La scena descritta dal pastore è tanto rapida quanto drammatica. «Ho notato subito che gli animali erano irrequieti, così come lo era anche il mio cane. Ero sulla porta della stalla quando, all’improvviso, ho visto arrivare cinque lupi con una velocità impressionante. In un attimo hanno azzannato due capre, trascinandole via verso il bosco. Non ho avuto nemmeno il tempo di reagire o di difendere il mio gregge».

Giuseppini, sconvolto dall’accaduto, lancia un allarme accorato non solo per la sicurezza degli allevamenti, ma anche per quella delle persone che frequentano la zona. «I lupi arrivano ormai alle porte delle abitazioni. Questa zona è molto frequentata da famiglie in escursione, giovani che fanno trekking, bici cross, e da chi porta i cani a passeggio. È una località bellissima tra il Centro Ippico e la Comunità della Brugiana, ma ormai è diventata rischiosa».

Non si tratta di un caso isolato. Gli allevatori della zona delle Alpi Apuane denunciano da tempo l’aumento degli attacchi dei lupi alle greggi, una situazione che ha generato un clima di crescente esasperazione. «Di questo passo, la capra apuana rischia l’estinzione e con essa tutti i prodotti tipici derivati. La presenza dei lupi, in aumento, è ormai una minaccia reale».

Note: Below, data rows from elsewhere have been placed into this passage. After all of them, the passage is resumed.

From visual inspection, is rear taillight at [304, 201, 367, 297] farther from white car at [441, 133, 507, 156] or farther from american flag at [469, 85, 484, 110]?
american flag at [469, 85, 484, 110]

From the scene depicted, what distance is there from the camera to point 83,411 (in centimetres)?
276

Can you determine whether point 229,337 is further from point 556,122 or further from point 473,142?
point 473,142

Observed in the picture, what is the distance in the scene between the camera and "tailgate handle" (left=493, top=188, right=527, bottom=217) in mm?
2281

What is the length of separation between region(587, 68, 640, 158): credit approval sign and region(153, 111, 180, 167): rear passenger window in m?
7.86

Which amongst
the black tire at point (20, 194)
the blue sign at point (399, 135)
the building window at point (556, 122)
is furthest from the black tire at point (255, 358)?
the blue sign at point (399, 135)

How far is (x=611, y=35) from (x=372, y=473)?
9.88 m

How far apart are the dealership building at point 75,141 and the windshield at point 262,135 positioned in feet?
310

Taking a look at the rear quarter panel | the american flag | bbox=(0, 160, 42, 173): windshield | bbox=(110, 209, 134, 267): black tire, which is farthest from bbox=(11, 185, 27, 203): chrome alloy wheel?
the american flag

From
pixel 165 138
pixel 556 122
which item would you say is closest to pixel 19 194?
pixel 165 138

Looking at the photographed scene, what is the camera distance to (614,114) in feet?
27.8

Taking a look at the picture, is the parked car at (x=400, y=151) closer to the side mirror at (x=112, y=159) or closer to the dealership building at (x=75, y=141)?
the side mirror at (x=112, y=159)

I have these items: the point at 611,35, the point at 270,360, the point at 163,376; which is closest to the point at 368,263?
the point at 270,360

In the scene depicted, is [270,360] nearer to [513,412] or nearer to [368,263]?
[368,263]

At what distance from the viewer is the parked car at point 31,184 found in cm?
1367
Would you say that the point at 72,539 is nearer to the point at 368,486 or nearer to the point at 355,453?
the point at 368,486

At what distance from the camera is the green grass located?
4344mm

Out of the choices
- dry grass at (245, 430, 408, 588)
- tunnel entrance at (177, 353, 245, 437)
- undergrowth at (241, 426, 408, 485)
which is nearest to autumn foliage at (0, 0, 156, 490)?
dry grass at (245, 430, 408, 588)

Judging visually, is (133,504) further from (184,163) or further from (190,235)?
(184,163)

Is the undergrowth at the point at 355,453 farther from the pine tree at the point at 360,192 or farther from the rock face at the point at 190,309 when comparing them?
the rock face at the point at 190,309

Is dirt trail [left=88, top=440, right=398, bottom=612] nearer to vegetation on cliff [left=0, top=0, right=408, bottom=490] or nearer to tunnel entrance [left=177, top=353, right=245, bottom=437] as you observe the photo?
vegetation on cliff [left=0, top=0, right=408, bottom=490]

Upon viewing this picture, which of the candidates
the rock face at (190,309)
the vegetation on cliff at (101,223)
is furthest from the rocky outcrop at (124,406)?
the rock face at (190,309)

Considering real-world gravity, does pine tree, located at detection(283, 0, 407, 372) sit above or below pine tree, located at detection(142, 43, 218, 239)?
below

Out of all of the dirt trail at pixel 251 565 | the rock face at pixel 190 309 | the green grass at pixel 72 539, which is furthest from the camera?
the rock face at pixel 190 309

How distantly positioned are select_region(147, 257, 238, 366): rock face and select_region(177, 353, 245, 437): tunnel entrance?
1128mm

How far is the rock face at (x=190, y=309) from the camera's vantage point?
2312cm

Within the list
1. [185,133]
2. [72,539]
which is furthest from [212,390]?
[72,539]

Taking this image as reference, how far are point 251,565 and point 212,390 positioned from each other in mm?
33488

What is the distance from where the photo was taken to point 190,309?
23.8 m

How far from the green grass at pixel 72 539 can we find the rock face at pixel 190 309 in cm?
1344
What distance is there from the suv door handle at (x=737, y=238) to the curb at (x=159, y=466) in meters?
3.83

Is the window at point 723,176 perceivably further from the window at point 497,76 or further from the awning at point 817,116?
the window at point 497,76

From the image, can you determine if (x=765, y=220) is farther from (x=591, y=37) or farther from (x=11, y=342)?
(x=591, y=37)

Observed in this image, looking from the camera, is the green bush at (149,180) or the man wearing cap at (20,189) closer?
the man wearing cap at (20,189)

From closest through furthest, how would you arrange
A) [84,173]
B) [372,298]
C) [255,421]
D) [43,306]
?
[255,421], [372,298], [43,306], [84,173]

Riccardo Giuseppini, a nome suo e di altri pastori della zona, si rivolge con forza alle istituzioni: «Serve un intervento immediato per proteggere i nostri allevamenti e la nostra sicurezza. Quella che potrebbe sembrare una disgrazia annunciata non deve diventare realtà. Il lupo è ormai alla porta di casa e noi non siamo più sicuri».